Suddenly, out of nowhere, Dale Gilman appeared. He dropped into a chair and pulled off his headphones. “What’re you guys talking about?”
Neil leaned forward, hands pressed on the edge of the table. “Dale,” he said. “You’re our friend, right?”
Dale gave a nervous smile and glanced around at us. “Of course,” he squeaked. “I mean, we’re all friends, aren’t we?”
“Yeah, that’s what I’m saying.” Neil swept his gaze around the group. Unlike Dale’s, his expression was hard, but assured. Many of us noticed right then how entirely his acne medication had finally succeeded in clearing up his complexion. He’d even managed to drop the habit of reaching up to feel the phantom spots on his cheek. “All right, guys. Here’s the deal: Calc is going to take us down unless we do something about it. I happen to know of a way, but if you’re not on board, then say something now or forever hold your peace.”
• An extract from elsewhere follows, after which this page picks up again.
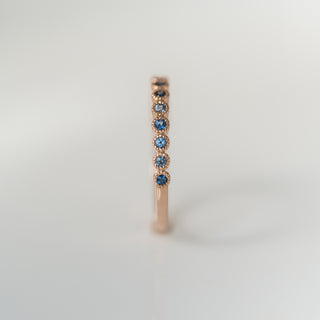 Rose Gold Teal Sapphire Milgrain Band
May squinted at Neil. “What do you mean?”
“I mean that if you’re not willing to do whatever is required to get an A in this class, then maybe you should go.” Neil leaned back in his chair, waiting. “Take a minute to think about it.”
We didn’t need to think. Not about Dmitri, how unfairly he had put us in this position. Not about Cindy and Paul and the distinctions that would be tacked onto their names at graduation—valedictorian and salutatorian—while all the rest of us went unacknowledged. Not about our parents, how they thought we were smarter than all the others and how we knew better, but never corrected them. We didn’t need to think about any of it then, because we were already thinking about it all the time.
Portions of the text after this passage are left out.